__Requirement__:
Output, word for word, the line that contains "Передача по оптоволокну" and all lines following it to the end of the listing. Drop the pictures.

__Supplied information__:
============================================================

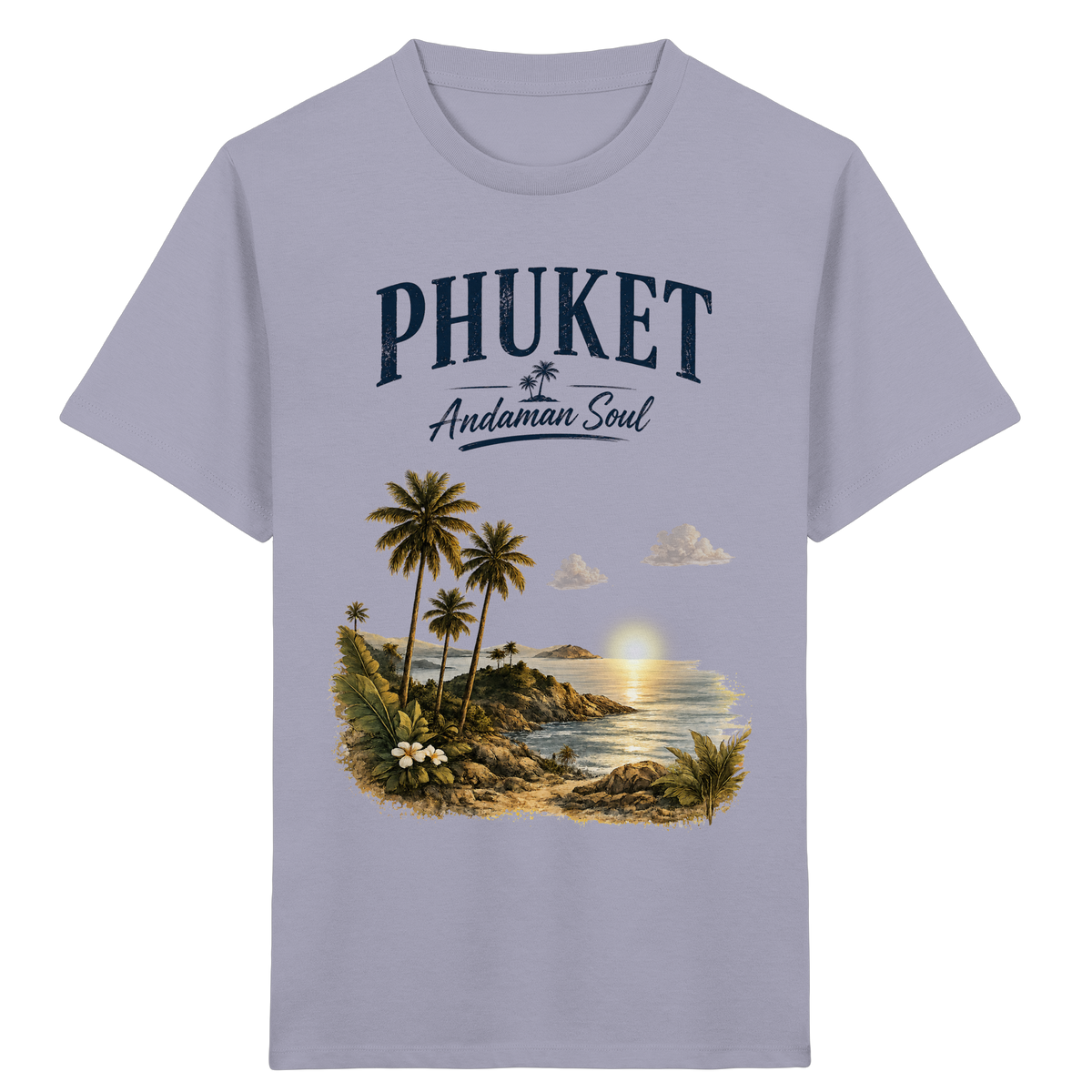 Phuket – Andaman Soul - Kids Organic Shirt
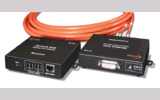 Передача по оптоволокну DVI Opticis M1-2R2-TR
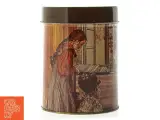 Dekorativ dåse med Carl Larsson køkkenmotiv (str. 14 x 10,5 cm) - 2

============================================================

__Exercise response__:
 Передача по оптоволокну DVI Opticis M1-2R2-TR
 Dekorativ dåse med Carl Larsson køkkenmotiv (str. 14 x 10,5 cm) - 2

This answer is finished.